Oral appliance therapy: A small plastic device fitted to your mouth (similar to a mouth guard) helps prevent the collapse of the tongue and tissues in the back of your throat.
PAP (positive airway pressure): The most commonly used treatment for OSA, PAP involves small nasal tubes or mask that blow compressed air into your lungs.
Provent: An alternative form of CPAP, this small device has two small plugs that create just enough pressure to help keep airways open. Provent therapy does not require a machine, mask, or medications.
Weight loss and weight-loss surgery: People who are overweight or obese have extra tissue in the back of their throat that can block their airway while they sleep. Losing weight may help reduce, and in some cases even cure, sleep apnea.
WINX: Used for people with obstructive sleep apnea (OSA) who cannot tolerate CPAP (continuous positive airway pressure), this system enables the user to breathe through their nose without a mask.
Behavioral and Lifestyle Treatments
Behavioral and lifestyle techniques can help eliminate behaviors, environmental disruptions and habits that may be keeping you from quality sleep.
This may include:
- Limiting or avoiding alcohol
- Limiting or avoiding caffeine
- Relaxation methods (e.g., deep breathing techniques)
- Limiting time in bed to only when sleeping
- Wearing earplugs and eliminating extra light in the room
- Modifying your sleep schedule
Surgery is sometimes recommended for people with severe sleep apnea.
Surgical procedures we use:
Hypoglossal nerve stimulation (HGNS): An electrode is surgically attached to the nerve that controls the tongue muscle. This electrode is then stimulated with a pacemaker. This helps keep the airway open and the tissue and tongue from collapsing during sleep.
Septoplasty and turbinate reduction: During this operation, the cartilage on the interior of the nose is straightened. The turbinates (curved bones along the nasal passage) are then reduced to make the airway bigger.

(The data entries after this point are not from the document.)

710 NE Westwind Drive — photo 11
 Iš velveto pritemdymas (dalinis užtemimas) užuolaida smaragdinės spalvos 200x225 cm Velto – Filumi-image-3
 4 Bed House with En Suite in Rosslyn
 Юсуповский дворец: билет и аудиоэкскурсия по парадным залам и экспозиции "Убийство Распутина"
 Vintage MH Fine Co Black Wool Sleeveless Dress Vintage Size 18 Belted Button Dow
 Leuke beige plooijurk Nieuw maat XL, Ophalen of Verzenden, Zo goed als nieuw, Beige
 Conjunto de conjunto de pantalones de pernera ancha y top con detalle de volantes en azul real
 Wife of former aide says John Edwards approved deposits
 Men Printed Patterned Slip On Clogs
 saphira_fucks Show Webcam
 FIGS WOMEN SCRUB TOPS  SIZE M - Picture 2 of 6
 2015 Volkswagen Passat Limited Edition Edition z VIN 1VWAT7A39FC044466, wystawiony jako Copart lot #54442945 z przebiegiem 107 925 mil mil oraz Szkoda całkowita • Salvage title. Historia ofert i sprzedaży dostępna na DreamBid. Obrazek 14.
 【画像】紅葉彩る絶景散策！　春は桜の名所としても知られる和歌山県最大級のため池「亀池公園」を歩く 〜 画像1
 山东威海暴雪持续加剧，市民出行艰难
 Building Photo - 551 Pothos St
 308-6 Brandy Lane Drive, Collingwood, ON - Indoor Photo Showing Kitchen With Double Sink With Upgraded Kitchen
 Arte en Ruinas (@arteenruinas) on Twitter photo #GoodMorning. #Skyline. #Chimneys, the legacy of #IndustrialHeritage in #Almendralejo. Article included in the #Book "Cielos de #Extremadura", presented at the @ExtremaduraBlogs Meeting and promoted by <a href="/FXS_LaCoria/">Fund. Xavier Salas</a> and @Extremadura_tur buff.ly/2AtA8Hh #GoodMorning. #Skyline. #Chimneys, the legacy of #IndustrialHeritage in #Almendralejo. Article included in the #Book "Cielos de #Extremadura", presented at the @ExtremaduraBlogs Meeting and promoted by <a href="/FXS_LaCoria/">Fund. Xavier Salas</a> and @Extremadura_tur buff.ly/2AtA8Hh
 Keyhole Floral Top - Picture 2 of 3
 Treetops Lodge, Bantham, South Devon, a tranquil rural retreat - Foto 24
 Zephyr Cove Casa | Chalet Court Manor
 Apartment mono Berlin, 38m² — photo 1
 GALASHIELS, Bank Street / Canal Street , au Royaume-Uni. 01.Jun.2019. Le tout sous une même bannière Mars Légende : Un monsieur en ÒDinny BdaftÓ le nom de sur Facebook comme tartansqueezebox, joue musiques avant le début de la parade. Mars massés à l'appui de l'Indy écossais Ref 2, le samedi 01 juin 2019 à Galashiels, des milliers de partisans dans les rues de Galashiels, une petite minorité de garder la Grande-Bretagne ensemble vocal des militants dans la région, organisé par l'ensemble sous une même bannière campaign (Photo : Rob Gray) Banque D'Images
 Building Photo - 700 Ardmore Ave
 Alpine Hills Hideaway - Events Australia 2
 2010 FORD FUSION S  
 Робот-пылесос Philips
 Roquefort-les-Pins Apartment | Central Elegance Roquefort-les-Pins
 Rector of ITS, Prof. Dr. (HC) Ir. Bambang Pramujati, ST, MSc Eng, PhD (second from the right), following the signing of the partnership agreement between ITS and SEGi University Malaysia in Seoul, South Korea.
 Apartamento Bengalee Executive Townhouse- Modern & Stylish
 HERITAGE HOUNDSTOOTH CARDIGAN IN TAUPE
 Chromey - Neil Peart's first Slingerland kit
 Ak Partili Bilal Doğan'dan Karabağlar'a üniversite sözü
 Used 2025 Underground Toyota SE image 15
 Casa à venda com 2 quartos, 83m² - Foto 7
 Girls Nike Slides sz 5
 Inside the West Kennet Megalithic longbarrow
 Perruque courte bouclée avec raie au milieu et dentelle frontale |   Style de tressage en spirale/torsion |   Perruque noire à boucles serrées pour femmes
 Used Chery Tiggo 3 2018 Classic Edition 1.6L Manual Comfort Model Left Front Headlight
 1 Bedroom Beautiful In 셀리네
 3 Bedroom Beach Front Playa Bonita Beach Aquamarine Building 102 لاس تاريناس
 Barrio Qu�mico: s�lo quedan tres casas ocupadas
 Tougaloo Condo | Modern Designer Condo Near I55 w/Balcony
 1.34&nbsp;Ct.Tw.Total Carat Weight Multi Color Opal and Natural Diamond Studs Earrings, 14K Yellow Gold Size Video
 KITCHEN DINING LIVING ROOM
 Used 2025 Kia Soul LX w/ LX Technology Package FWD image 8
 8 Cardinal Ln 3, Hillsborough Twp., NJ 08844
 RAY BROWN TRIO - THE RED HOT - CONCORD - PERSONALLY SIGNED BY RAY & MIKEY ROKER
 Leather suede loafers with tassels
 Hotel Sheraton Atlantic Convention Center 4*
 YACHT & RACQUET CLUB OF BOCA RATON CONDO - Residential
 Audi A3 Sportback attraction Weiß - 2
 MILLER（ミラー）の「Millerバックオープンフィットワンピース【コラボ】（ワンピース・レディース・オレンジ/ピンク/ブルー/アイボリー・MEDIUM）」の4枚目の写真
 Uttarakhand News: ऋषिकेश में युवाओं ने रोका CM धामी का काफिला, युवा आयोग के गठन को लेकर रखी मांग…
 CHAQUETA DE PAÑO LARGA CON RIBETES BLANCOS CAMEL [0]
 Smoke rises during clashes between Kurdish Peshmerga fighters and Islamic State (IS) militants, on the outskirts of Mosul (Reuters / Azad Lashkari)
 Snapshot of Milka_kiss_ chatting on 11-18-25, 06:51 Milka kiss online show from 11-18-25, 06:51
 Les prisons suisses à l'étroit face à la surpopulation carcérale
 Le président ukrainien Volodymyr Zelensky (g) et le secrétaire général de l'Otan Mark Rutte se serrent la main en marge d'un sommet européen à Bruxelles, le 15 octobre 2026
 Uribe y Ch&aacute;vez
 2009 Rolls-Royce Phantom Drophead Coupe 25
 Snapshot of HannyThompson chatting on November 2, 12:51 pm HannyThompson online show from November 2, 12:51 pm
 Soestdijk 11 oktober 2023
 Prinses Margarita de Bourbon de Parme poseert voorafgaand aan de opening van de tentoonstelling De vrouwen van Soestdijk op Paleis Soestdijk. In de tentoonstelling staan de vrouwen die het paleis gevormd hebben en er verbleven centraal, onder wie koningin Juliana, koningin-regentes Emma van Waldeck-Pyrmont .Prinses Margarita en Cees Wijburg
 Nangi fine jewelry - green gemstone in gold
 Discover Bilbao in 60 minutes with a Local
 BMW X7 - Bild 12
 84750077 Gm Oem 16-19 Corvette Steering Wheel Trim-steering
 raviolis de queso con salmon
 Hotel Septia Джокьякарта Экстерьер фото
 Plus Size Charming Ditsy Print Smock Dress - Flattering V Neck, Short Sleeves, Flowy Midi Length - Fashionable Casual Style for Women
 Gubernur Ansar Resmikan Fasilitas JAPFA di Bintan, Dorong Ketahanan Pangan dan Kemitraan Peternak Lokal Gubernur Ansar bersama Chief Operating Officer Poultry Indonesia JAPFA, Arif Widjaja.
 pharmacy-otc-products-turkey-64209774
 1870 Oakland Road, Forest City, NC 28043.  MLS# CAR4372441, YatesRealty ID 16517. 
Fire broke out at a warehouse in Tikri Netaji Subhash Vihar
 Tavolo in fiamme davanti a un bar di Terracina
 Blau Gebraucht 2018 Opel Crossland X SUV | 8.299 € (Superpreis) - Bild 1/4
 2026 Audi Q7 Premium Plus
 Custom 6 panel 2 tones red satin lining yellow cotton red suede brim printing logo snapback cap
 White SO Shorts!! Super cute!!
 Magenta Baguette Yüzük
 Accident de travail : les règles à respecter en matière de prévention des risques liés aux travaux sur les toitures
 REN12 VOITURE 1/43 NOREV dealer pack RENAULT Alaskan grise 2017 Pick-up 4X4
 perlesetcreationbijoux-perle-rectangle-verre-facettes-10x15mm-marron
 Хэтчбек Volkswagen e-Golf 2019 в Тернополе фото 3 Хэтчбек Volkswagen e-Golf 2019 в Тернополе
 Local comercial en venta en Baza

Adenoidectomy: Used for people with swollen adenoids (lymph tissue that sits between your nose and the back of your throat in your upper airway).
Tonsillectomy: This procedure involves surgical removal of the tonsils. This is recommended for people with large tonsils who have sleep-disordered breathing.
Removal of the uvula: Removing the uvula, the soft structure that hangs down from your soft palate, can help with snoring.
Maxillomandibular advancement (MMA): Almost all sleep apnea can be successfully treated by MMA. This complex operation involves surgically cutting the bones holding the upper teeth and the bones holding the lower teeth (called the mandible) and adjusting them so that the lower part of the face is moved forward.
Did You Know?
- Increasing age is associated with a decline in motor skills and cognition – factors that can increase risk of developing obstructive sleep apnea (OSA).
- More than 40 million Americans of all ages suffer from sleep disorders.
- Most healthy adults need 7-9 hours of sleep. However, some people can function without sleeplessness with as little as six hours of sleep. (National Sleep Foundation)
- People who do not get enough sleep are more likely to be hungrier. This is due to a decrease in the appetite-regulating hormone, leptin.